Empezaron con la reivindicación del posibilismo. De que eran negociadores útiles capaces de mejorar de modo efectivo la vida de los trabajadores, de hacer propuestas, de tener sentido de la realidad. Y no digo que estas no sean virtudes a tener en cuenta, sólo que el resultado obtenido por esta estrategia en los últimos 30 años está a la vista. Hay un deterioro general de las condiciones de vida de la mayoría y una mejora clara de las expectativas de la minoría más minoritaria. Los ricos del mundo y sus tejidos de intereses y empleados de élite. Una red de conveniencias y apoyo mutuo de la que hace muchos años ya forman parte nuestros gloriosos sindicatos. Y a la que parecen aspirar a unirse sin recato alguno, los viejos políticos profesionales del PSOE y los nuevos leones de la derecha liberal que se agrupan en Ciudadanos.
 
Ya saben, en este partido nuevo, el ‘presidente’ del ‘Consejo de Administración’, Albert Rivera ha cambiado de idea y ahora quiere que su partido se siente en los gobiernos autonómicos que mantiene con su voto. Lo mismo se ha dado cuenta que para constituir ese funcionariado amigo que todo lider carismático necesita hay que repartir prebendas y manejar un presupuestillo. O lo mismo es otra cosa.

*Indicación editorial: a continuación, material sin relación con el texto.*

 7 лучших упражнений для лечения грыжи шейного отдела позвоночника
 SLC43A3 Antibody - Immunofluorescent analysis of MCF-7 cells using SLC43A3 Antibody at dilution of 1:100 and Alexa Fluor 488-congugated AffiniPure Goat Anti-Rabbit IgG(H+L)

Pero llegados a este punto, la historia parece repetirse. Como parodia, de acuerdo. Y ahora estamos en la parodia de la parodia. Y en lo de siempre. En que las poltronas crean adicción y la mejor manera de desactivar al enemigo es meterle en un despacho y fabricarle una parcelita de poder. Eso es lo que hay, desgraciadamente, en todas partes. Sí también en Podemos, por supuesto. Y de eso también tendremos que hablar en este espacio. Desde luego.